Content starts
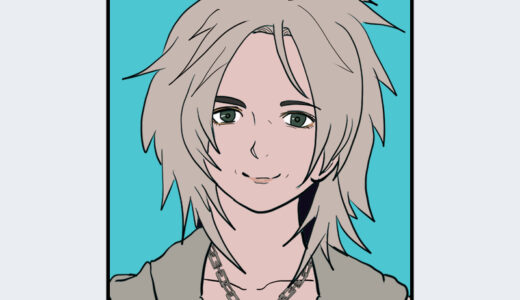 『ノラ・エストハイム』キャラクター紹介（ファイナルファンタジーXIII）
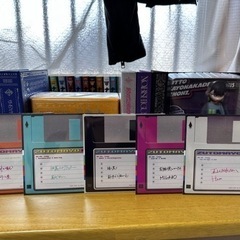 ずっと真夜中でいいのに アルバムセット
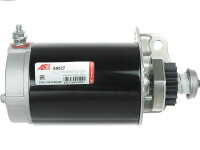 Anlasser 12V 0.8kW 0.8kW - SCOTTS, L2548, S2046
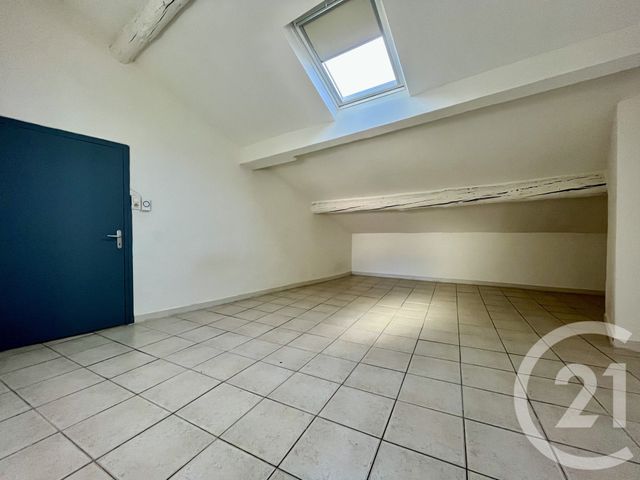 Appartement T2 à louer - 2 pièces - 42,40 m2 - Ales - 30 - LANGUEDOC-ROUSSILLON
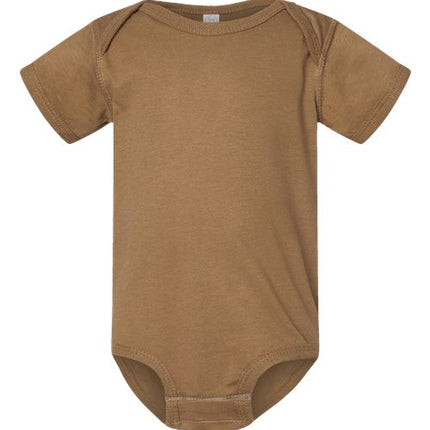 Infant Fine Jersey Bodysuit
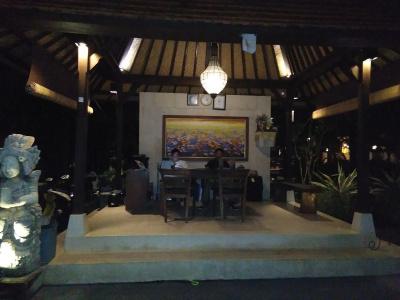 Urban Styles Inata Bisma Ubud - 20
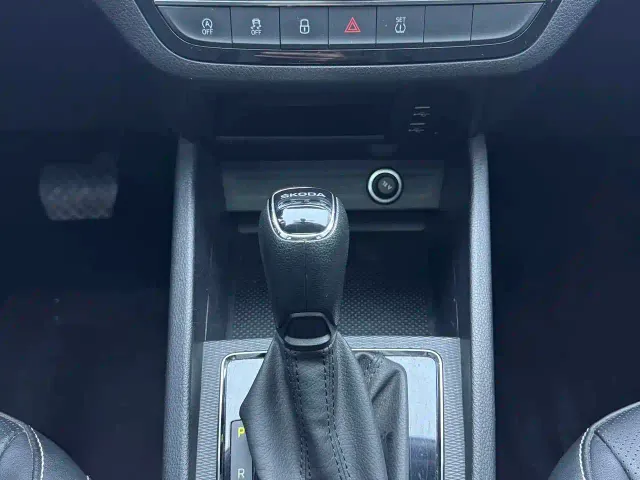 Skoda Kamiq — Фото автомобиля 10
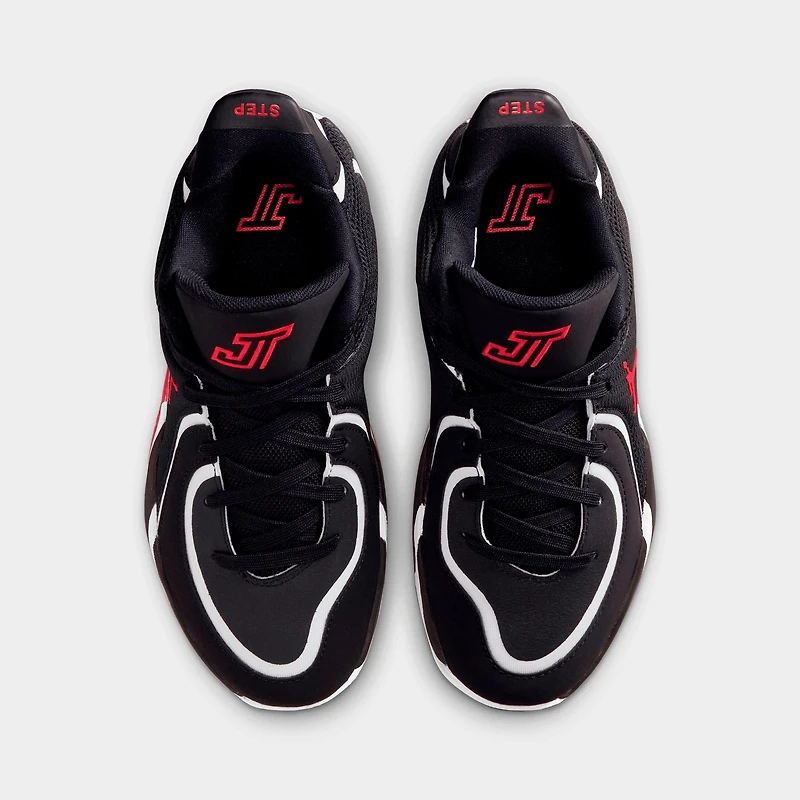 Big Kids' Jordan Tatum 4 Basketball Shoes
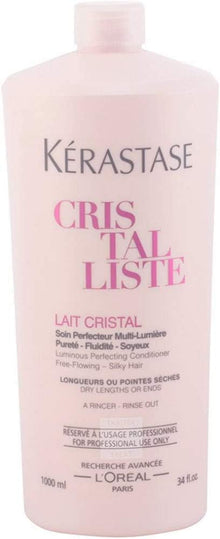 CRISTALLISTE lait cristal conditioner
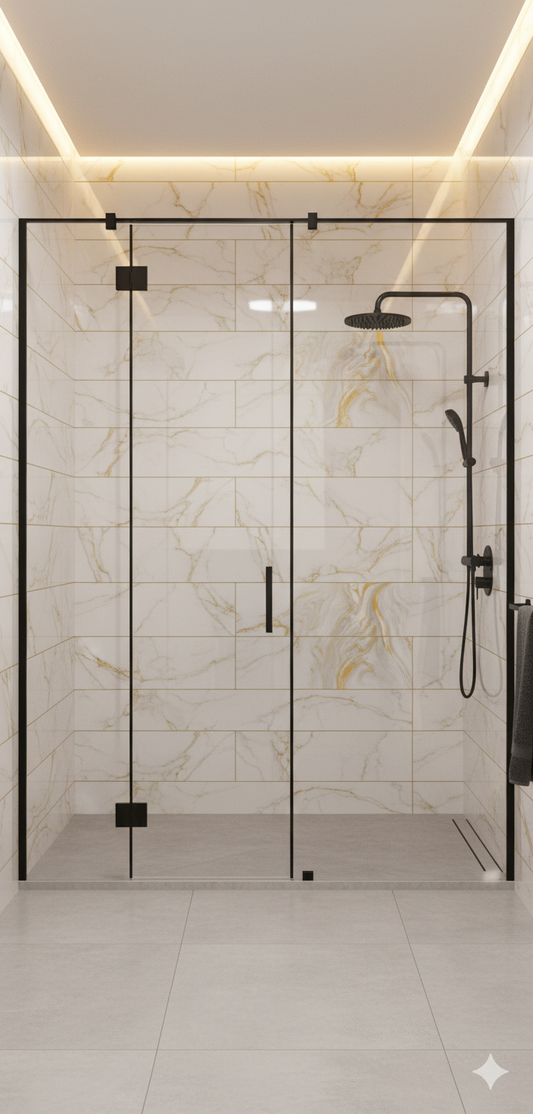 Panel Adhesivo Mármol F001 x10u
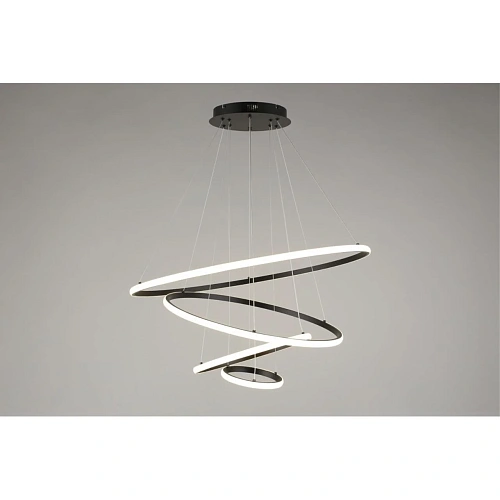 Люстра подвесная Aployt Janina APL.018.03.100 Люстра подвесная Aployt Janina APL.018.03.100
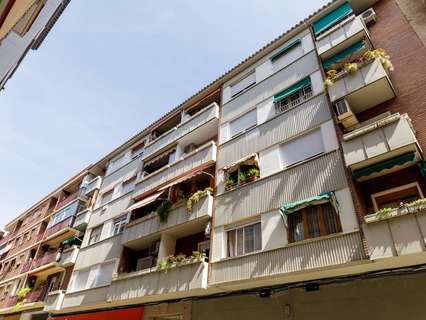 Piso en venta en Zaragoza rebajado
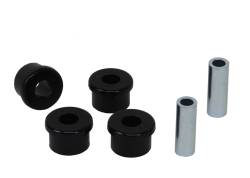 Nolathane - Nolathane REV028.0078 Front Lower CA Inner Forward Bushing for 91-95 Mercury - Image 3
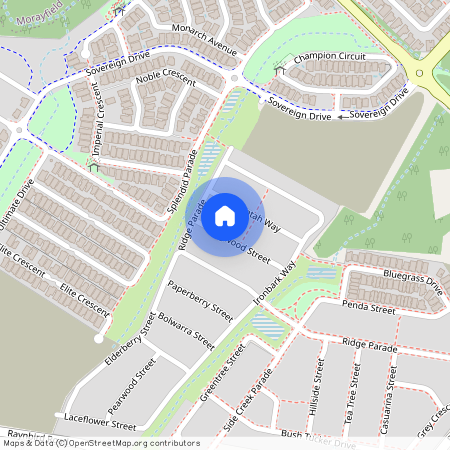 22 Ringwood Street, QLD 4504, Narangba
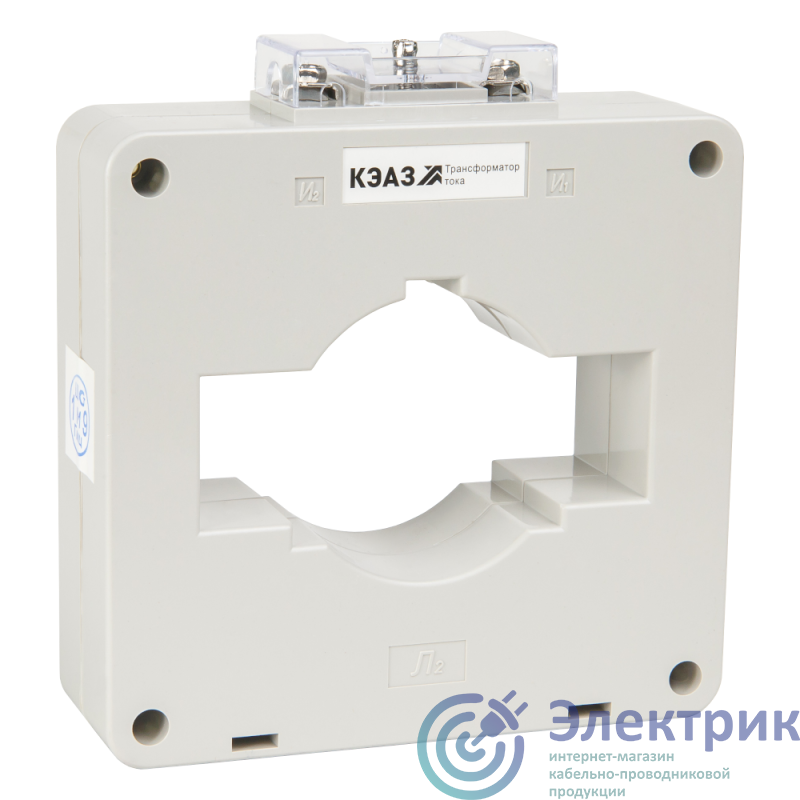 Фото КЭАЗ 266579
Content ends
**WORK TO BE COMPLETED**
The result should be every entry, word for word, and no pictures.

**ANSWER FOR THIS EXERCISE**
 『ノラ・エストハイム』キャラクター紹介（ファイナルファンタジーXIII）
 ずっと真夜中でいいのに アルバムセット
 Anlasser 12V 0.8kW 0.8kW - SCOTTS, L2548, S2046
 Appartement T2 à louer - 2 pièces - 42,40 m2 - Ales - 30 - LANGUEDOC-ROUSSILLON
 Infant Fine Jersey Bodysuit
 Urban Styles Inata Bisma Ubud - 20
 Skoda Kamiq — Фото автомобиля 10
 Big Kids' Jordan Tatum 4 Basketball Shoes
 CRISTALLISTE lait cristal conditioner
 Panel Adhesivo Mármol F001 x10u
 Люстра подвесная Aployt Janina APL.018.03.100 Люстра подвесная Aployt Janina APL.018.03.100
 Piso en venta en Zaragoza rebajado
 Nolathane - Nolathane REV028.0078 Front Lower CA Inner Forward Bushing for 91-95 Mercury - Image 3
 22 Ringwood Street, QLD 4504, Narangba
 Фото КЭАЗ 266579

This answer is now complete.